Ben venga, come una grande grazia che Dio fa alla Diocesi Nostra.
Ma sia ben chiaro fin d'ora che esso non sarà qualcosa di riservato ai Sacerdoti e alle anime più vicine alla pratica cristiana.
Sì, anche ad essi gioverà.
Gioverà ai Sacerdoti, i quali possono sempre migliorare nella dignità, nella precisione, nella interiorità con cui celebrano i Santi Riti.
E lo faranno senz'altro.
Gioverà alle anime più vicine al Tabernacolo, perchè nella miglior conoscenza dei doni di Dio accrescano fervore, intimità e merito alla loro conversazione con Dio.
Ma il Congresso Liturgico deve interessare e giovare a tutti coloro che sono cristiani. Tutti devono avere tanta nobiltà di spirito da comprendere come una vita cristiana così, senza profondità di convinzione, senza fervore, senza gusto, senza brama del meglio, sia indegna di quel Dio che non solo ha creato l'uomo, ma lo ha amato fino a sacrificare per lui il Figlio Suo Unigenito, l'ha redento versando un prezzo grande grande, il Sangue stesso del Figlio suo, e l'ha destinato a godere per l'eternità le divine armonie della Corte celeste.
Qui chiudo la conversazione con Voi, Fedeli, augurandovi buone Feste Pasquali in grazia e in letizia e pregustando la soddisfazione di vedervi, Parrocchia per Parrocchia, nelle serate delle Settimane Liturgiche, e tutti insieme, a Fermo, alla celebrazione conclusiva, che sarà, quasi certamente, la settimana dal 26 Agosto al 2 Settembre.
Una parola ancora aggiungo per i Vostri Sacerdoti, ai quali voglio raccomandare che siano a Voi maestri di orazione. Tanto più facilmente e lietamente vi saranno maestri, quanto più Voi sarete loro discepoli diligenti e volonterosi.
Vi benedico di gran cuore.
+ NORBERTO ARCIV.

*Sua Ecc. Mons. Norberto Perini è nato a Carpiano, in provincia ed arcidiocesi di Milano, il 6 giugno 1888; è fratello del senatore Carlo Perini.
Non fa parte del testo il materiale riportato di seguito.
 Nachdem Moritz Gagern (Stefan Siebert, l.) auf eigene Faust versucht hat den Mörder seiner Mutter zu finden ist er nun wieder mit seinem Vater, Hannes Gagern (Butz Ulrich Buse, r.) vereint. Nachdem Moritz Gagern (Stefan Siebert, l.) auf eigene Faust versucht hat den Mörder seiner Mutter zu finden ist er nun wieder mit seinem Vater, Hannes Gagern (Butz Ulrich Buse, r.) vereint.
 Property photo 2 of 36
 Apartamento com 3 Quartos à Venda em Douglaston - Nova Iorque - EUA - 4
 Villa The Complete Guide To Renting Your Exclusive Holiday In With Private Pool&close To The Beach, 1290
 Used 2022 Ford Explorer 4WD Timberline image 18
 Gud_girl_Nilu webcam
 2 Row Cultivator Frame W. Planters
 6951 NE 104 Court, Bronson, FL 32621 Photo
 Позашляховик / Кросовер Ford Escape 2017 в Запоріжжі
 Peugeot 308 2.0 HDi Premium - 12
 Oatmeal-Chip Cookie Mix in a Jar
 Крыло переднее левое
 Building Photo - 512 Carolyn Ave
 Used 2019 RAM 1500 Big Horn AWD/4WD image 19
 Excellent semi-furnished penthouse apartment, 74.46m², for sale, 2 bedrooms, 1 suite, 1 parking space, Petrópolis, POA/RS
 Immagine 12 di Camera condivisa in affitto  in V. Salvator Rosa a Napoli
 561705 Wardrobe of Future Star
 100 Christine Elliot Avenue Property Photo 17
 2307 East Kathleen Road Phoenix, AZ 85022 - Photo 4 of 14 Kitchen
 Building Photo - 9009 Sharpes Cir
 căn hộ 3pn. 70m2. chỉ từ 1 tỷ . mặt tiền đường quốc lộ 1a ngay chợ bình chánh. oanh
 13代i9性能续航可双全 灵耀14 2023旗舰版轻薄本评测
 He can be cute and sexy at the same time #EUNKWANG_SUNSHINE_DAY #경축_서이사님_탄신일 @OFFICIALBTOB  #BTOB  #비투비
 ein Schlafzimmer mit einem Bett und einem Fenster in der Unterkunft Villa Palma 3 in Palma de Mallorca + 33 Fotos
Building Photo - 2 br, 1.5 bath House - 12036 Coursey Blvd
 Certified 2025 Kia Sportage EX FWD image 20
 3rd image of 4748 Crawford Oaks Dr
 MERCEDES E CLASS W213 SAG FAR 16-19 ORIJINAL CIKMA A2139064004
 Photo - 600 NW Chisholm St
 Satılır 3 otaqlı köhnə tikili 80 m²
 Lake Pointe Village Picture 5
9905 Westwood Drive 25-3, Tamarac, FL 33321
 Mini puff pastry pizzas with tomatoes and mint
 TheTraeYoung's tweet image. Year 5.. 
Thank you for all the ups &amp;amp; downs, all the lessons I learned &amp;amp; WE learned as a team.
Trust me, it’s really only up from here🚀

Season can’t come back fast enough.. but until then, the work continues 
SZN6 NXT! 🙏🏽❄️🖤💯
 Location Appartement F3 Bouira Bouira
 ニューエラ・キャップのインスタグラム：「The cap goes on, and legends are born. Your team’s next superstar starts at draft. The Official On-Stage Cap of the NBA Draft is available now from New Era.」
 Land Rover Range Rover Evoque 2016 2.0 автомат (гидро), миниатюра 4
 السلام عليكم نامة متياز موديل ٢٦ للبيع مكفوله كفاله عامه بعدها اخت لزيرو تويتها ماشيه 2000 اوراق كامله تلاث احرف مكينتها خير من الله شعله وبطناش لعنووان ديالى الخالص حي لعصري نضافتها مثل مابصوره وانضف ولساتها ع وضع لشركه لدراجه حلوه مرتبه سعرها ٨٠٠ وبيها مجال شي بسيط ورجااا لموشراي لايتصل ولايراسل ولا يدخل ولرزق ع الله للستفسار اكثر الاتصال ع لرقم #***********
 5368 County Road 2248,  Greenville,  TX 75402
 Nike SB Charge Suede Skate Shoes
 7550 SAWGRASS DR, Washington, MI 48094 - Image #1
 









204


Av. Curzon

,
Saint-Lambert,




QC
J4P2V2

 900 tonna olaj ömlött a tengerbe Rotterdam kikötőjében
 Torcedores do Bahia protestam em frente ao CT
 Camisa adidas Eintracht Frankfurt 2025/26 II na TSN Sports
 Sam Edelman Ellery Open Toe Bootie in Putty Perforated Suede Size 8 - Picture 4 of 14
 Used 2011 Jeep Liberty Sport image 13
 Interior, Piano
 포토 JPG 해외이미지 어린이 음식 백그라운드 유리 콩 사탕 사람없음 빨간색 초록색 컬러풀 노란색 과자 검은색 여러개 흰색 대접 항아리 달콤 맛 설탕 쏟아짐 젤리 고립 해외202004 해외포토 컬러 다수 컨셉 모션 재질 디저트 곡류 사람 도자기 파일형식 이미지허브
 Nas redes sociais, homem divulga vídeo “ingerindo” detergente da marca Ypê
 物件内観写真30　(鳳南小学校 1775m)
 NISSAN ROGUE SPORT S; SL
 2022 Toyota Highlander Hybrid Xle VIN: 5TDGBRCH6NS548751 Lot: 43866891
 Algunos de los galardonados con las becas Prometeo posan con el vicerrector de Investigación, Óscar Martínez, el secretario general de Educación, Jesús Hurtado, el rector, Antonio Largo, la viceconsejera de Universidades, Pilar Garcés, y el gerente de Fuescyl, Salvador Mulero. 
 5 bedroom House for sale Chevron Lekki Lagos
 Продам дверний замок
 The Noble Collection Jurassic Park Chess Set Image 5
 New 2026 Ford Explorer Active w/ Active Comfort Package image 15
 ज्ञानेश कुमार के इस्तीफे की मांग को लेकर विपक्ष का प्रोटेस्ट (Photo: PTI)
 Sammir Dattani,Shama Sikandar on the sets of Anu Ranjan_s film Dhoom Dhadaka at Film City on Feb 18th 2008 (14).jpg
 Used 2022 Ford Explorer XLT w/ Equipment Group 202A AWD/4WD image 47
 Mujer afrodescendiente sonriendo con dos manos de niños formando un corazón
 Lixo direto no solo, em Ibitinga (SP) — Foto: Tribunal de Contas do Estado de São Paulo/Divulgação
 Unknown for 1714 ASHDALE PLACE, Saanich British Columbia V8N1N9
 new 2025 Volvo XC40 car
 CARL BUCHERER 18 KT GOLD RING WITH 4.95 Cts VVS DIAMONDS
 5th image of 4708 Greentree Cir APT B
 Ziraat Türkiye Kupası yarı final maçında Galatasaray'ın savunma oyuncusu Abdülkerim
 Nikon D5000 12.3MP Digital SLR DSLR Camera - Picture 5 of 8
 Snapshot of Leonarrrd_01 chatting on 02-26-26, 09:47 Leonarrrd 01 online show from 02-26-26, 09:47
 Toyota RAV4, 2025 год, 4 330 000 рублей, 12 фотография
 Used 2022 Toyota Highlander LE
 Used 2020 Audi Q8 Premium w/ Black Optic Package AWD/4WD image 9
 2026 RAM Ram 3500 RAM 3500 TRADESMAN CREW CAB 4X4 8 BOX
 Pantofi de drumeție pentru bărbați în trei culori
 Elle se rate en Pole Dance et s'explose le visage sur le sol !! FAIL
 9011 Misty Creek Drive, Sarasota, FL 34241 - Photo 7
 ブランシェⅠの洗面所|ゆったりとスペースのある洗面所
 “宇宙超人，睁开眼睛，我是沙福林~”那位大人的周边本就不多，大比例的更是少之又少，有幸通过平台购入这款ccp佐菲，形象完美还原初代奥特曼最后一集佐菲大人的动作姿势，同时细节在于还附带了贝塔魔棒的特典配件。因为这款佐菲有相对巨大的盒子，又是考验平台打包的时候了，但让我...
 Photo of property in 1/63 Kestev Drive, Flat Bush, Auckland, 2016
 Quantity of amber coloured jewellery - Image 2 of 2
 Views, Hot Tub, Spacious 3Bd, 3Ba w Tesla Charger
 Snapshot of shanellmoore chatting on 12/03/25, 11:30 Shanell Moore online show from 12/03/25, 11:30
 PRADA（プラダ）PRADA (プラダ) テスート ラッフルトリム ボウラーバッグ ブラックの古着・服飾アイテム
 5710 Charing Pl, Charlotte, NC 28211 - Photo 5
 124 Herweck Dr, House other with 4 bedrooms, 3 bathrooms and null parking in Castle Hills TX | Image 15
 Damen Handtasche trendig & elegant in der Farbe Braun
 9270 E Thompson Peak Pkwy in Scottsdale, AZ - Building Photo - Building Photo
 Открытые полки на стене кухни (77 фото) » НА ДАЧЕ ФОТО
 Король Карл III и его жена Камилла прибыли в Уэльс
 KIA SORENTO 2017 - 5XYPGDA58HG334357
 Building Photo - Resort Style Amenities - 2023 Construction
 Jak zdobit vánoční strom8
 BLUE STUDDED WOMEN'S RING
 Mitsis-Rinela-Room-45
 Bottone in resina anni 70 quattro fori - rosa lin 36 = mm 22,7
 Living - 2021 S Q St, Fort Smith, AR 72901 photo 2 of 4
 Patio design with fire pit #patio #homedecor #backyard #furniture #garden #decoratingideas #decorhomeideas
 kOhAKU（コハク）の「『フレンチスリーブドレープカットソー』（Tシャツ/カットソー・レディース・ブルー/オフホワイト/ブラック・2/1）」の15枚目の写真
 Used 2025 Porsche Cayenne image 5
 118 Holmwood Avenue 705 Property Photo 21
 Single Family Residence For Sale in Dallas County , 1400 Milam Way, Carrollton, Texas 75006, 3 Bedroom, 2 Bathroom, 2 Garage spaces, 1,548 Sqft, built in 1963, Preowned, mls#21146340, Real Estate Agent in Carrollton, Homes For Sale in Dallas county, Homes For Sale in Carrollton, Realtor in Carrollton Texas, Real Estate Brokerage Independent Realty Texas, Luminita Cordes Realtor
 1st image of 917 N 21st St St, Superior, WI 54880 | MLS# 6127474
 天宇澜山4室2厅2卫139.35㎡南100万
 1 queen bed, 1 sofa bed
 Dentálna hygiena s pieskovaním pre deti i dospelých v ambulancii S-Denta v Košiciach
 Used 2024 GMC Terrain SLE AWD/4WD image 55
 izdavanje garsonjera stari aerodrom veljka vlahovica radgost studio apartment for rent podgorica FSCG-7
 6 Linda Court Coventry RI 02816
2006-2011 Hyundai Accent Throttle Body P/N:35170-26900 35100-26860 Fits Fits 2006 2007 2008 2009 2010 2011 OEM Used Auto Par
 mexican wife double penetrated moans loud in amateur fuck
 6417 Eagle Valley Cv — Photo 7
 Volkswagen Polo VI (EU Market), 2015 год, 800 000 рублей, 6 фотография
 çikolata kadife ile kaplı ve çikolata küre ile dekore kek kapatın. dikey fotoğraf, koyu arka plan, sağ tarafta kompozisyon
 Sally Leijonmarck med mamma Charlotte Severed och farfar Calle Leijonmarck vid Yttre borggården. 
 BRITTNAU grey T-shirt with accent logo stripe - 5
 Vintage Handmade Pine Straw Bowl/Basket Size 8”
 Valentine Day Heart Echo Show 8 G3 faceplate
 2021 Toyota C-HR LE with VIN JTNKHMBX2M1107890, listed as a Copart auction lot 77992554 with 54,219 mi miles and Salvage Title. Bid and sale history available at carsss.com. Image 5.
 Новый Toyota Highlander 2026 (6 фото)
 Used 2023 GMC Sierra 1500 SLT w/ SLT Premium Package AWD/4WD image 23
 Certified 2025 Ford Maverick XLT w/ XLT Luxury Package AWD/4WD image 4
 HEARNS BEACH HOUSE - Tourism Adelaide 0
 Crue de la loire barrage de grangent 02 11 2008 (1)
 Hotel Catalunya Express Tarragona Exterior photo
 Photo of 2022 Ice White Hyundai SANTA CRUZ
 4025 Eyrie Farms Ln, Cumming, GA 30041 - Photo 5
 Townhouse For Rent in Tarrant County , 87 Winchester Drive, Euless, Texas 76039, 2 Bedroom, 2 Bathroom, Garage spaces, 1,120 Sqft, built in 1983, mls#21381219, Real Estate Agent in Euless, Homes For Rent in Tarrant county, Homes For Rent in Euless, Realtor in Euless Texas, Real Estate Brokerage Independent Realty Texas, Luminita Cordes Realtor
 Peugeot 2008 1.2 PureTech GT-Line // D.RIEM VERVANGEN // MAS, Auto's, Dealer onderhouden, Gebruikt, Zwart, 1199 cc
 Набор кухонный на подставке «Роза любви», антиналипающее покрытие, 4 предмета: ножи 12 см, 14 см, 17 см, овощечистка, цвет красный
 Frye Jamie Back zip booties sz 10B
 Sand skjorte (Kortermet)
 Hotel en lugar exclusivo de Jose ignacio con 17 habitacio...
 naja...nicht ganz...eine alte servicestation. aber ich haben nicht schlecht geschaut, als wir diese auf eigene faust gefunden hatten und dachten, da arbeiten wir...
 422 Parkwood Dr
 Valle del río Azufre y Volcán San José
Il 7 luglio 1912 è ordinato presbitero.

Il 22 ottobre 1941 papa Pio XII lo nomina arcivescovo metropolita di Fermo; succede ad Ercole Attuoni, deceduto il 31 maggio precedente.

Dal 1952 aiuta le opere intraprese da don Ernesto Ricci e dalla beata Madre Speranza di Gesù, come la creazione degli Artigianelli del Sacro Cuore. 
Ricopre l'incarico di presidente della Commissione Episcopale Italiana per la scuola.

Il 21 giugno 1976 papa Paolo VI accoglie la sua rinuncia, presentata per raggiunti limiti di età e problemi di salute; gli succede l'Arcivescovo coadiutore Mons.Cleto Bellucci. 

Il 9 dicembre 1977 muore a Rho (MI) nella casa "Carlo Perini".

Il 13 dicembre 1977 è sepolto a Fermo nella Cripta della Cappella del Seminario Arcivescovile, traslato poi nella Cripta della Basilica Metropolitana Fermana.